Photographed by: other, Book Cover

Fri, 26/02/2010 – 14:35
Ali Abdel Mohsen

Imported dogs, useless cats, and flying peacocks are all featured in acclaimed Egyptian author Bahaa Taher’s newest collection of short stories, “I Did Not Know Peacocks Could Fly.” The book marks Taher’s return to the medium after a lengthy yet fruitful absence—in the eleven years since the publication of his last collection of short stories, “I Went to the Waterfall,” the author has received the inaugural Arab Booker Award for his landmark novel, “Sunset Oasis.” While the much-celebrated novel was epic in both scope and effect, “I Did Not Know Peacocks Could Fly” offers something else entirely—six deceptively simple tales full of loss, mystery, and the occasional symbolic animal.

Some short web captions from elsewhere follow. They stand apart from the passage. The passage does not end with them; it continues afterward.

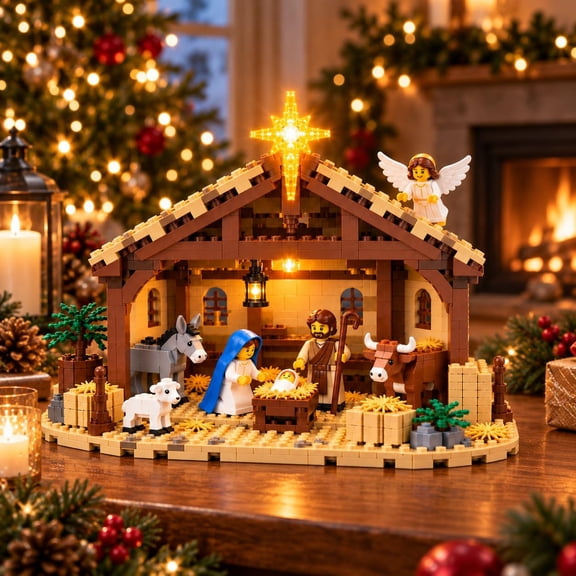 The Nativity Story Building Block Set Meaningful Christmas Gift with Lighted Nativity Scene, Bethlehem Star & Christian Holiday Decor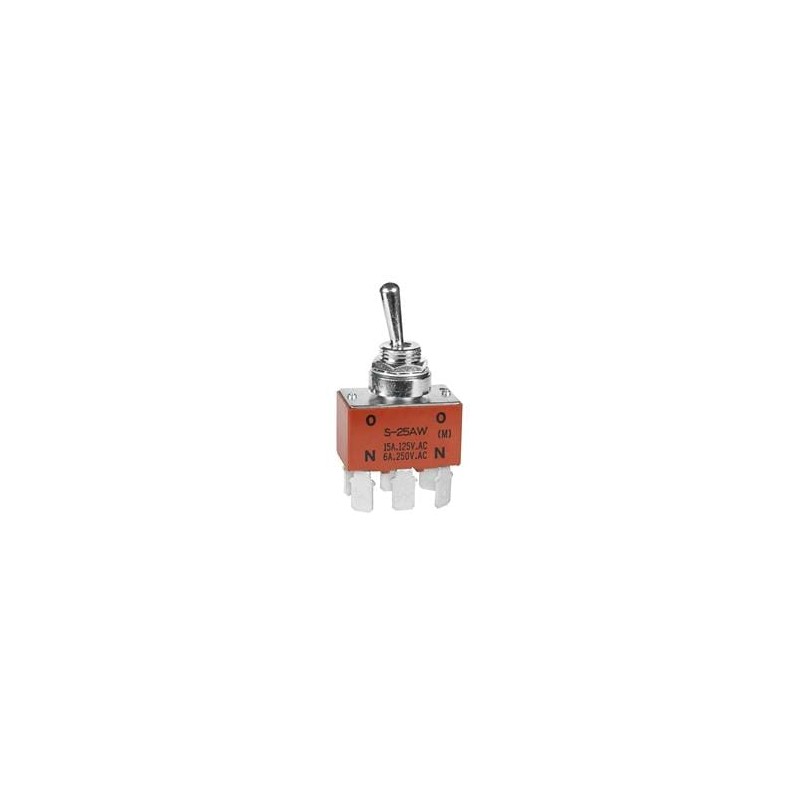 1 pcs : S21F - Toggle Switches DPST ON-OFF MED CAP QUICK CONNECT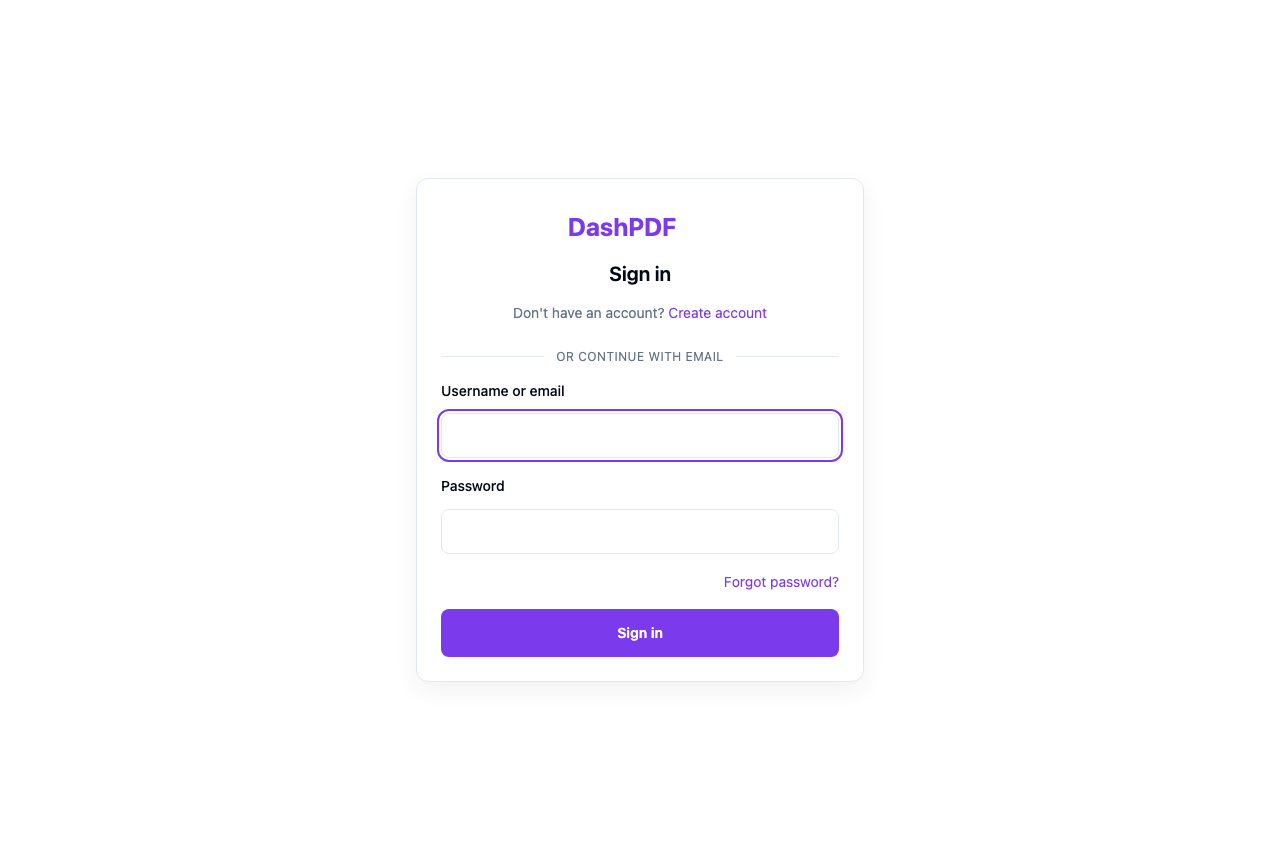 DashPDF sign-in page with Create account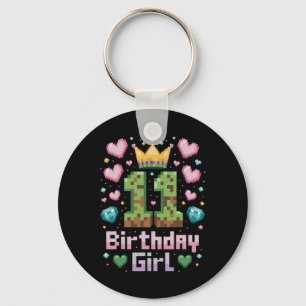 11th Birthday Girl Shirt Gaming Pixel Party 11 Yea Key Ring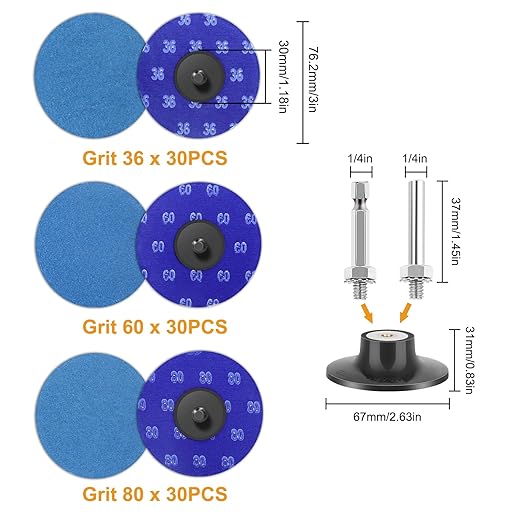 SUNJOYCO 90PCS 3 Inch Quick Change Grinding Discs, Zirconia Die Grinder Sanding Discs, Roll Lock Abrasive Disc with 1/4 Inch Shank, Surface Conditioning Disc, 36 60 80 Grit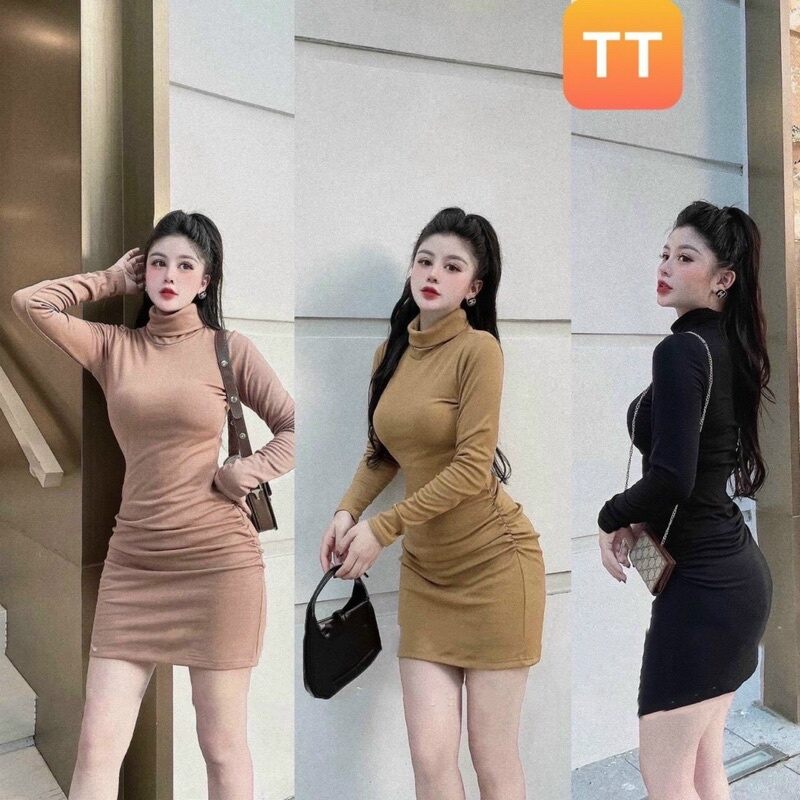 đầm body cổ cao tay dài chất thun gân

The book begins with an endearing tale of an elderly man’s attempts at communicating with his destructive two-year-old grandson. In the hands of a lesser author, this story could have been a load of sentimental pap, but Taher’s dry sense of humor and keen eye for immediately familiar details elevate the narrative to a level that can withstand the weight with which he imbues his characters. When Taher, as the narrator, describes the thoughts going through his head as he helplessly watches his grandson chew through the pages of yet another volume of classic Russian literature, it is humorous because it is the characters, rather than the situation, that feel true.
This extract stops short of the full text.